• _Exercise details_
Repeat the records below exactly, beginning at the first line and finishing with the line that contains "The appearance of".

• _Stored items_
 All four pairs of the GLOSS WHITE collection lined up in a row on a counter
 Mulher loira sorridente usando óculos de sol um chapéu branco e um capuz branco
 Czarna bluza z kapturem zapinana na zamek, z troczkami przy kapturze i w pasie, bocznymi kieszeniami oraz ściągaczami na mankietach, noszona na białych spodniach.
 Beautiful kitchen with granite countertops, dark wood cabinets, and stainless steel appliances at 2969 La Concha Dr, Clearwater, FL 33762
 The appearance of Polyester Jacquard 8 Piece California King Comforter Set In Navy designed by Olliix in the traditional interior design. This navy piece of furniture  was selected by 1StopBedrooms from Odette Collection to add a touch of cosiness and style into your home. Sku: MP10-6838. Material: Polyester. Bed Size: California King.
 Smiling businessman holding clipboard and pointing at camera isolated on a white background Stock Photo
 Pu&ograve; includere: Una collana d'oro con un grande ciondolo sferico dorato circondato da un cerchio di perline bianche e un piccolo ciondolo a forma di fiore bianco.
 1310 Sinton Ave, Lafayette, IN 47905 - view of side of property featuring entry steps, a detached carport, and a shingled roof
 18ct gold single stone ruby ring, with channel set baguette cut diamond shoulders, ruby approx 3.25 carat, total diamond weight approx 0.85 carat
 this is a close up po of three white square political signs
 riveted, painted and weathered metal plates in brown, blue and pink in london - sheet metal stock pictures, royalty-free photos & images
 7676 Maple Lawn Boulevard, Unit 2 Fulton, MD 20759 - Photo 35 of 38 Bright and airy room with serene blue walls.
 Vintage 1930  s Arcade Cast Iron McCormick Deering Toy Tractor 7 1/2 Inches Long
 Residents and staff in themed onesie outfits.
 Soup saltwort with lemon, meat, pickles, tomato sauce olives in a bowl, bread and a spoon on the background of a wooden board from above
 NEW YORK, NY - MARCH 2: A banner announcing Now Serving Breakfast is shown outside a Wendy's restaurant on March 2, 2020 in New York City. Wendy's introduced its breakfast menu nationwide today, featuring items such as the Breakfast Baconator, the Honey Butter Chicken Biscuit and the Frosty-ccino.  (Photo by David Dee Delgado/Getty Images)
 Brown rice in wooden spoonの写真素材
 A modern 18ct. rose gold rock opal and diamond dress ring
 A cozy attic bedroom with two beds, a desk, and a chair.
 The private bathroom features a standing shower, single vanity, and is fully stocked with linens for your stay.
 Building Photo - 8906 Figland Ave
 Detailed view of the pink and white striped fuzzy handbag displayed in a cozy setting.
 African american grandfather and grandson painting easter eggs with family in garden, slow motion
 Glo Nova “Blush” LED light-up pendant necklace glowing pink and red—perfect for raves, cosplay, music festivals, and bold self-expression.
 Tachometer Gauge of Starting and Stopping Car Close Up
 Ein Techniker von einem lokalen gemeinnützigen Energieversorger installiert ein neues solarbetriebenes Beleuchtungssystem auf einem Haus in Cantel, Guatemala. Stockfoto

• _Answer for the task_
 All four pairs of the GLOSS WHITE collection lined up in a row on a counter
 Mulher loira sorridente usando óculos de sol um chapéu branco e um capuz branco
 Czarna bluza z kapturem zapinana na zamek, z troczkami przy kapturze i w pasie, bocznymi kieszeniami oraz ściągaczami na mankietach, noszona na białych spodniach.
 Beautiful kitchen with granite countertops, dark wood cabinets, and stainless steel appliances at 2969 La Concha Dr, Clearwater, FL 33762
 The appearance of Polyester Jacquard 8 Piece California King Comforter Set In Navy designed by Olliix in the traditional interior design. This navy piece of furniture  was selected by 1StopBedrooms from Odette Collection to add a touch of cosiness and style into your home. Sku: MP10-6838. Material: Polyester. Bed Size: California King.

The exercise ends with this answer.